Research on LLM reasoning mostly relies on the answer accuracy as a proxy metric for the reasoning process. However...
- A correct final answer does not always indicate the correctness of the reasoning chain. This is refered to as "false positives".
- LLMs may hallucinate when generating reasoning chain, which would cause problems in many scenarios, like using LLMs as tutors.
- Existing reasoning chain evaluation methods typically require massive training data, or lacks evaluation accuracy and interpretability.
Try AutoRace in
OpenAI GPTs:
Note: AutoRace is an automatic evaluation method based on GPT-4. It does not guarantee absolute accuracy in the evaluation results.

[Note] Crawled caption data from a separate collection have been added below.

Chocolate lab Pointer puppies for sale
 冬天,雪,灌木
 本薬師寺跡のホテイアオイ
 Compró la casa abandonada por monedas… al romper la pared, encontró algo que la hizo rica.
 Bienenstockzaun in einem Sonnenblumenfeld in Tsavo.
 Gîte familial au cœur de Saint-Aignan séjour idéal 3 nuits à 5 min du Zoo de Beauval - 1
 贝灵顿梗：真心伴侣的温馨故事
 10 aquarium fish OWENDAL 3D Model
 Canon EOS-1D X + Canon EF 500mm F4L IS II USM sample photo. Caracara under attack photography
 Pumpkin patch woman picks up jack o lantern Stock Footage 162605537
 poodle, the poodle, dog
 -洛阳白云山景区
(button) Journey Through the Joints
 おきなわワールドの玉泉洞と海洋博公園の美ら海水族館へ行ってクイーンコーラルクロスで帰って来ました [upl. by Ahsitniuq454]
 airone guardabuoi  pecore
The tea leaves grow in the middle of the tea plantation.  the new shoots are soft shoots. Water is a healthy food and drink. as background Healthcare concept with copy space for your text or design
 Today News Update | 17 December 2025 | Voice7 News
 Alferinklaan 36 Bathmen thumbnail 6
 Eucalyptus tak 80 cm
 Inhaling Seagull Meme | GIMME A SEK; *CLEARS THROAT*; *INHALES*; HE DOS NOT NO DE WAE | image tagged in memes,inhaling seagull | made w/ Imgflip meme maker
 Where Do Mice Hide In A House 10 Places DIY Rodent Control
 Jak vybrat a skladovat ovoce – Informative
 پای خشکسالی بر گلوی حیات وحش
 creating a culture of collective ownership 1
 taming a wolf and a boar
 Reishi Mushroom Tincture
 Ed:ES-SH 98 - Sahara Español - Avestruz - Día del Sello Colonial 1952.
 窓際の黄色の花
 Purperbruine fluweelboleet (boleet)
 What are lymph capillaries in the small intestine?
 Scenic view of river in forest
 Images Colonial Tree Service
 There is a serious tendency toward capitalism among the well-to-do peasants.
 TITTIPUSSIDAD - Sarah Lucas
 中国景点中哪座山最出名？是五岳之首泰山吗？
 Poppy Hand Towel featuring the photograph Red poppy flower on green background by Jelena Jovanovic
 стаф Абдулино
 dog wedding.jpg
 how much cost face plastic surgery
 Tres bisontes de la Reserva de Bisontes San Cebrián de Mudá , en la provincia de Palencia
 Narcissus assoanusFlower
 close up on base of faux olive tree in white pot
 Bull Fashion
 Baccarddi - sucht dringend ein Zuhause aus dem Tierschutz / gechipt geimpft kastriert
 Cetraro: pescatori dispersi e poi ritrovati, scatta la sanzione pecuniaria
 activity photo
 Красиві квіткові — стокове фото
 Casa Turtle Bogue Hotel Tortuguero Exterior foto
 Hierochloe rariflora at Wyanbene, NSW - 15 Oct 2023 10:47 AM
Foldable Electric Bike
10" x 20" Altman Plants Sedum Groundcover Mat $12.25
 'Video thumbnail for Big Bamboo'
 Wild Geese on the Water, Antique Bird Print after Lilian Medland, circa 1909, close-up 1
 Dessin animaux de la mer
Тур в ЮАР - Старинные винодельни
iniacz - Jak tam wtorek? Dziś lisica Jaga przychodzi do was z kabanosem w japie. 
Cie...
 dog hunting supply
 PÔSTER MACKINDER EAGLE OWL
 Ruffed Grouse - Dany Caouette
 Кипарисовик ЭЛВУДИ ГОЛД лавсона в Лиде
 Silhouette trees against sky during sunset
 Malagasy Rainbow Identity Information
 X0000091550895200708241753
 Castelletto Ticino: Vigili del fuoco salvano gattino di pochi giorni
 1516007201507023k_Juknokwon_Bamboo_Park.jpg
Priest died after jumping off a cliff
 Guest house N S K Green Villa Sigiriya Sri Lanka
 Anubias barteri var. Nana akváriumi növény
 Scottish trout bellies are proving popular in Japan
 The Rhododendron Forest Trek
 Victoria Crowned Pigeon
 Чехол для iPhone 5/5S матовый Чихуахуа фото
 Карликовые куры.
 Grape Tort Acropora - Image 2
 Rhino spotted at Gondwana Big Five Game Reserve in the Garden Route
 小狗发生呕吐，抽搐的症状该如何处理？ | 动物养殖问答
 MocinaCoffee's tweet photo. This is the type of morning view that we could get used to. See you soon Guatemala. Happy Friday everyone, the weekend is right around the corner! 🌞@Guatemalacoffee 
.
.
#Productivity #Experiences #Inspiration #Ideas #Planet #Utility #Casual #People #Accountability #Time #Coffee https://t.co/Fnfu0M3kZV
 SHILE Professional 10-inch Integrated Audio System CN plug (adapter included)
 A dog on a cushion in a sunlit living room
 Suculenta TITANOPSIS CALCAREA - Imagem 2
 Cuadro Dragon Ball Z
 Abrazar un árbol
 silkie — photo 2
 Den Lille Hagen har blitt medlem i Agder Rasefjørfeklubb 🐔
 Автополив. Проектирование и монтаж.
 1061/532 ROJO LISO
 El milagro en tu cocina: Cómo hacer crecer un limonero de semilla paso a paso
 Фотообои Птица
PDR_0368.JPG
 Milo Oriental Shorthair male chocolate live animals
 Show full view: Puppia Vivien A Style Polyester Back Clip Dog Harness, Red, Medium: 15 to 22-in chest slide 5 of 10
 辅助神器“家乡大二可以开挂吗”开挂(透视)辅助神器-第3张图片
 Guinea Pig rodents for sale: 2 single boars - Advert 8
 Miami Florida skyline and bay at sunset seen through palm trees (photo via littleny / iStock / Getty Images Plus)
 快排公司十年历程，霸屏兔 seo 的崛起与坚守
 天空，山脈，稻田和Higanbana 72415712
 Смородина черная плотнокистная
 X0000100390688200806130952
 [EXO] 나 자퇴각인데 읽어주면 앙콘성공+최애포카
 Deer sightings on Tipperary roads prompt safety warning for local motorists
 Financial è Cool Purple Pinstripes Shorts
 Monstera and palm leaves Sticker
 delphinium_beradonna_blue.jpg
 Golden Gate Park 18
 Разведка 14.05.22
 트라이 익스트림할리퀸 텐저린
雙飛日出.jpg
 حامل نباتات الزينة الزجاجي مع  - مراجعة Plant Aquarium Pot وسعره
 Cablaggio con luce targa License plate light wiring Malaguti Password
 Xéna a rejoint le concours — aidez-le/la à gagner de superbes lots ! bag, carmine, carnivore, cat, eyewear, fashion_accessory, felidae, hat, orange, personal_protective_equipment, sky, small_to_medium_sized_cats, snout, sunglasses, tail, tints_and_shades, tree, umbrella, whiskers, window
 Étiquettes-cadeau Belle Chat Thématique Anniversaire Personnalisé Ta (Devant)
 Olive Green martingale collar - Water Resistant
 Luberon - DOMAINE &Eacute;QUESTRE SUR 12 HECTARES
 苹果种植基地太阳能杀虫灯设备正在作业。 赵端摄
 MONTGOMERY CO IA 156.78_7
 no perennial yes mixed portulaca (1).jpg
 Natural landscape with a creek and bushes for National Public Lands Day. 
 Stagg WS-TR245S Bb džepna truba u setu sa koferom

Category | Math | Logical | Commonsense | Embodied | |||
---|---|---|---|---|---|---|---|
Task | Average | GSM8k* | AQuA* | Game24 | PrOntoQA | StrategyQA* | Blocksworld |
Metric | AutoRace | AutoRace | Oracle | Oracle | AutoRace | Oracle | |
GPT-4 turbo | 0.61 | 0.86 | 0.59 | 0.09 | 0.75 | 0.91 | 0.45 |
Claude-3 Opus | 0.60 | 0.90 | 0.57 | 0.07 | 0.88 | 0.78 | 0.41 |
Gemini Pro | 0.36 | 0.67 | 0.28 | 0.08 | 0.52 | 0.46 | 0.15 |
InternLM-2 7B | 0.28 | 0.61 | 0.17 | 0.03 | 0.45 | 0.31 | 0.10 |
Mixtral 8x7B | 0.27 | 0.49 | 0.19 | 0.04 | 0.44 | 0.32 | 0.11 |
Mistral 7B | 0.26 | 0.38 | 0.41 | 0.02 | 0.40 | 0.28 | 0.09 |
Llama-2 70B | 0.24 | 0.37 | 0.09 | 0.04 | 0.58 | 0.34 | 0.05 |
Gemma 7B | 0.23 | 0.48 | 0.16 | 0.02 | 0.34 | 0.30 | 0.10 |
Qwen-1.5 7B | 0.22 | 0.53 | 0.17 | 0.05 | 0.21 | 0.33 | 0.06 |
Llama-2 13B | 0.18 | 0.24 | 0.06 | 0.04 | 0.42 | 0.28 | 0.05 |
To evaluate the reasoning chains, we apply AutoRace for open-domain tasks, including GSM8k, AQuA, and StrategyQA. For other close-domain tasks, we test the reasoning chain with oracle evaluators (rule-based programs). By clicking the "show accuracy" button, you can see the final answer accuracy of some tasks for reference.